Lorsque par oukase du Président Medvedev, sachant qu'il ne serait plus Président, fut mis en place le groupe de travail sur le Gouvernement ouvert, tout de suite des membres de The Monitor Group Company furent associés. Il faut dire que Medvedev connait très bien les représentants de ce groupe américain, puisque M. Fuller est entré dans le Conseil stratégique du projet chéri de Medvedev, Skolkovo. Un autre représentant, A. Tolkatchev, pour sa part, après que la compagnie ait largement "aidé" à formuler la conception du Gouvernement ouvert, y a lui-même trouvé sa place dans le groupe d'experts. Donc le consulting se poursuit de manière pérenne. Est-ce encore du consulting?
Mais le travail de cette compagnie ne s'est pas arrêté là. Une fois la conception adoptée, ils ont "aidé" le ministère de l'éducation nationale et le ministère de la santé à intégrer la conception du "ministère ouvert", et ce jusqu'à décembre 2012.
La réaction des analystes est clivée, comme d'habitude, en fonction de leur orientation politique. Pour les plus libéraux, il n'y a rien à dire. Le recours à des experts étrangers est une bonne chose. Puisque a priori de toute manière c'est toujours une bonne chose. Pour les autres, cette situation est une bombe à retardement.
Et la question qui se pose est particulièrement complexe. Il est intéressant, tout d'abord, que le journal Vedomosti, soutenu par The Wall Street Journal et The Financial Times, consacre en novembre 2012 tout un article à la banqueroute de cette compagnie et à son rachat, alors éventuel, par le groupe Deloitte, sans préciser son implication dans le Gouvernement ouvert de Medvedev. Mais ils restent flouent sur son activité en Russie et précisent simplement que cette compagnie a des représentations dans 16 pays, notamment la Russie. Pourquoi ce silence sur un aspect aussi important du développement de la politique russe? Ensuite, il y a une différence entre consulter et être intégré dans la détermination de la politique stratégique d'un pays. En l'occurence, cette compagnie américaine a pu placer ses membres à des postes d'influence politique. Et c'est à ce niveau que la question de la bombe à retardement se pose et que prend fin le consulting. Puisque la question se pose toujours dans ces cas-là: quels intérêts sont défendus? quels intérêts sont mis en avant?

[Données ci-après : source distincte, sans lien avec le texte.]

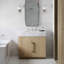 TileBar Studio Vanities Orville Greige Ash 36" Single Vanity with Carrara Marble Top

Enfin, d'un point de vue institutionnel, le lobbying autour du Gouvernement ouvert reste dans la logique d'une déformation des institutions. Il s'agit toujours de cette manie de mettre en place des institutions parallèles qui, non seulement ne sont pas efficaces finalement pour régler les problèmes concrets, mais parasitent le fonctionnement des institutions "normales". Au lieu de travailler sur le renforcement de l'efficacité des institutions, Medvedev a pour habitude de créer des jouets para-institutionnels qui favorisent le soft power, sans toutefois en maîtriser le fonctionnement, ce qui est particulièrement dangereux. C'est cela aussi la conception institutionnelle "libérale" de Medvedev.